*Something* told me I should go to the library and check out one of the volumes of Saintsbury's great history of English prosody. I didn't even know exactly why I needed it until I started reading it again, but I knew it had something to do with my current project. Now, of course, I realize that I needed to look at his contrast between blank verse before Shakespeare, with its end-stopped, hiccuping lines, and Shakespeare's more fluid approach, in order to work on this chapter on the Spanish verse-paragraph. I had half remembered, from reading this maybe 10 years ago, that this would be relevant. He also talks about Milton's approach to paragraphing. It's probably only worth a few sentences, but those few lines could make a significant difference. Spanish prosody, I think, is even more geared toward the unity of the individual
line than English is, so calling in Saintsbury as a reinforcement would be advantageous in making my argument.

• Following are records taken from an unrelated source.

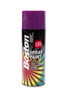 4 x cans Boston Enamel Spray Paint *Choose your colours*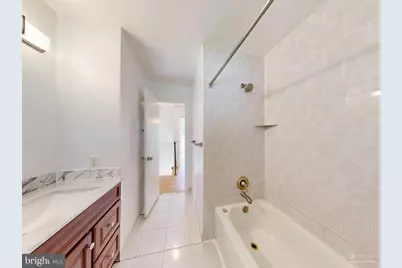 6823 Ben Franklin Road, Springfield, VA 22150 - Photo 48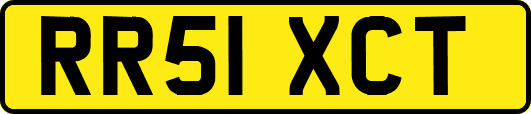 RR51XCT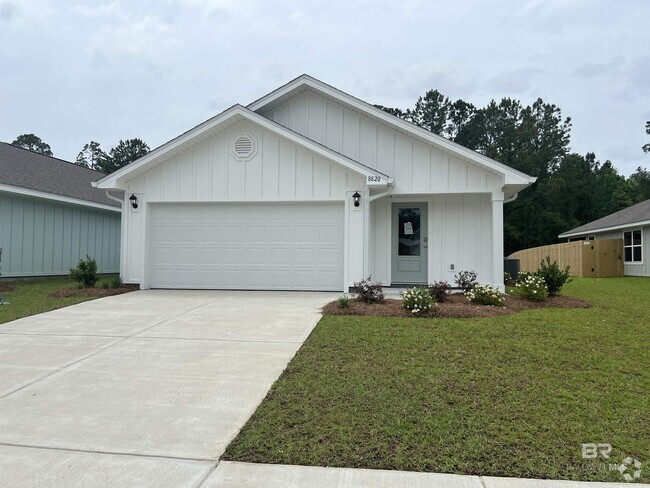 Building Photo - 8820 Summer Bay Ln Rental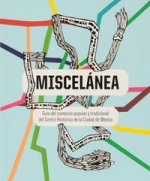 Miscelánea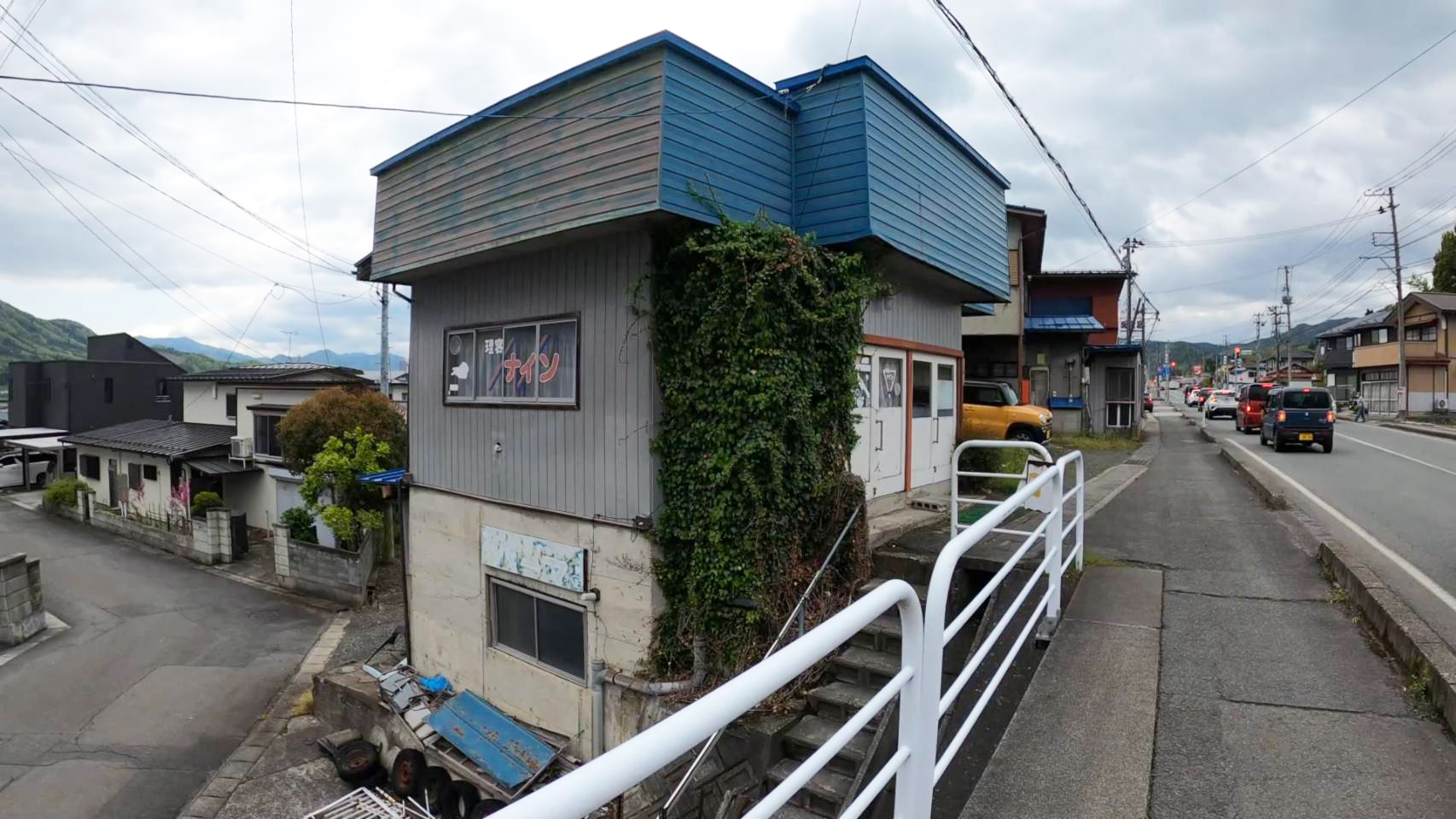 #65_山形県上山市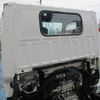 isuzu elf-truck 2016 GOO_NET_EXCHANGE_0500956A30250604W001 image 24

The "sense variously drawn out from one Verse into another" and the like.
I find it marvelous that Saintsbury uses the word groove in a modern sense:
But in the second [half of his life], he had what was all his own, a resless and catholic spirit of exploration and appreciation that made it impossible for him to stay in one groove.
I began working on prosody the minute I was in Graduate School. If that had been a more acceptable option professinally and I had been a better linguist, I would have only done that. I remember my professors in Graduate School asking me if I was going to read the entire three volumes of Saintsbury or look only at the abridged version.